In total, 630 players have taken the field for the Florida and Miami Marlins in a regular season game through their first 28 major league seasons. Including today, we’ve talked about 480 of them.
Players are first sorted into brackets dictated by meeting certain thresholds of plate transactions—that is, plate appearances plus batters faced.
After the preliminary sort, players are then ordered by ascending brWAR divided by BF/PA. Today’s group is near the top of the 250-to-799 bracket.
154. Matt Mantei
Matt Mantei is a six-foot-one right-handed pitcher from Tampa, Florida. In 1991, he was a 25th round selection of the Seattle Mariners out of River Valley HS, in Three Oaks, Michigan. During his subsequent rise through the minors, he was named to the Northwest League All-Star team in 1993 and the Midwest League All-Star team in 1994. Following the 1994 season, the Marlins selected Mantei in the rule 5 draft.

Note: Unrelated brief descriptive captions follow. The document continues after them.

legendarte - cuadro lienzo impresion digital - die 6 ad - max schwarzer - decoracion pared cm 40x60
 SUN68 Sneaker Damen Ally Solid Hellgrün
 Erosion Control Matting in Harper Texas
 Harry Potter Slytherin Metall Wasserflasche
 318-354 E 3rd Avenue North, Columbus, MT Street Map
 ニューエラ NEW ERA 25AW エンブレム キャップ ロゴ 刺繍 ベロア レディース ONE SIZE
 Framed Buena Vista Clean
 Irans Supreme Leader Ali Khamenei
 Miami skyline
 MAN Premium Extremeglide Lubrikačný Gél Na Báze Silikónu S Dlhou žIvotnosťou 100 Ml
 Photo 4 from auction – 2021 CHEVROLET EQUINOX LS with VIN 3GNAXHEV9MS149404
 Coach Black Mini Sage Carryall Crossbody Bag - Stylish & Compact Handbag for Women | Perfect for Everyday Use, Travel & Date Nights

Mantei made his major league debut with the Marlins in 1995, and played a total of 26 games between then and his 1996 season without spending his rookie eligibility. He struck out 40 in only 31 2⁄3 innings, but also allowed 20 earned runs for an unsavory 5.68 ERA. Although he only gave up 25 hits, he also walked 34 during the same stretch.
Mantei boasted a four pitch mix, including two fastballs. His four-finger occasionally hit 100 on the gun, which he mixed with an average slider and a sharply breaking curveball. Mantei was also known to have tried out the knuckler early in his career.
Mantei only managed to appear in nine minor league games in 1997, between the High-A Brevard County Manatees and the Double-A Charlotte Knights. In 1998, Mantei finally played his “official” rookie season.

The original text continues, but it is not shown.